Et si le crowdfunding en ces temps de crise était la solution? Il faut dire que le secteur quoi qu’encore balbutiant est très prometteur. Pourtant, tous les ingrédients sont réunis pour la réussite de ce chantier. Les observateurs et acteurs du domaine ont ouvert le débat sur les actions à prendre pour permettre à ce nouveau mode de financement de prendre son envol.

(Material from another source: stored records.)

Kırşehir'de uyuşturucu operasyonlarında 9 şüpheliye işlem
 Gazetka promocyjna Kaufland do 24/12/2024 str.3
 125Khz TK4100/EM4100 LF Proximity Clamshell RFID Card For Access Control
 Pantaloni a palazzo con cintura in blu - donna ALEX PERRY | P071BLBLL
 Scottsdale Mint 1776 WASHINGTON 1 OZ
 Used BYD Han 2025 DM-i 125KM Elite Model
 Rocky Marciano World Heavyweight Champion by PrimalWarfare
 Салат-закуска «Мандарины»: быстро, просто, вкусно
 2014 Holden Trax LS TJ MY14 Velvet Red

La publication de l’ensemble des textes réglementaires régissant le crowdfunding ou le financement collaboratif par Bank Al-Maghrib et l’AMMC annonce l’entrée en vigueur effective du dispositif. N’empêche, les défis restent encore nombreux afin d’intégrer efficacement ce mode de financement au marché marocain. C’est ce qui a été abordé récemment lors du webinaire de la BritCham intitulé « Le crowdfunding au Maroc : Un soutien participatif solidaire en temps de crise».

Stratégie
« Le crowdfunding fait partie intégrante de la stratégie de finance nationale au Maroc élaborée en 2019», a souligné d’entrée Badr Nabil, adjoint au directeur de la supervision bancaire au sein de Bank Al-Maghrib. En effet, les 9 circulaires publiées reposent sur 3 piliers principaux : la protection des contributeurs à travers une plateforme claire et transparente permettant de communiquer l’ensemble des informations relatives au projet à tous les stades de l’opération. Le deuxième pilier étant la gestion des risques grâce à un dispositif de sécurité afin de filtrer les porteurs de projets et éviter les fraudes et enfin l’additionnalité des SFC comme étant des accompagnateurs et des conseillers ayant une réelle valeur ajoutée dans le process. De son côté, Mouad Tanouti, directeur de la direction normalisation et affaires juridiques à l’AMMC, vient compléter ce dispositif mis en place par les régulateurs avec des éléments non négligeables afin de réussir un process de financement le plus sécurisé possible : la qualité du projet, la transparence de l’information afin d’éviter les conflits d’intérêts, un dispositif assujetti à la lutte contre les blanchiments de capitaux et la contractualisation matérialisée avec des contrats. Mouad Tanouti met en avant également un ensemble d’efforts d’accompagnement de ces acteurs, l’AMMC à titre d’exemple prévoit de lancer un portail dédié de crowdfunding à travers lequel les sociétés peuvent être accompagnées à travers des formations, des guides pédagogiques…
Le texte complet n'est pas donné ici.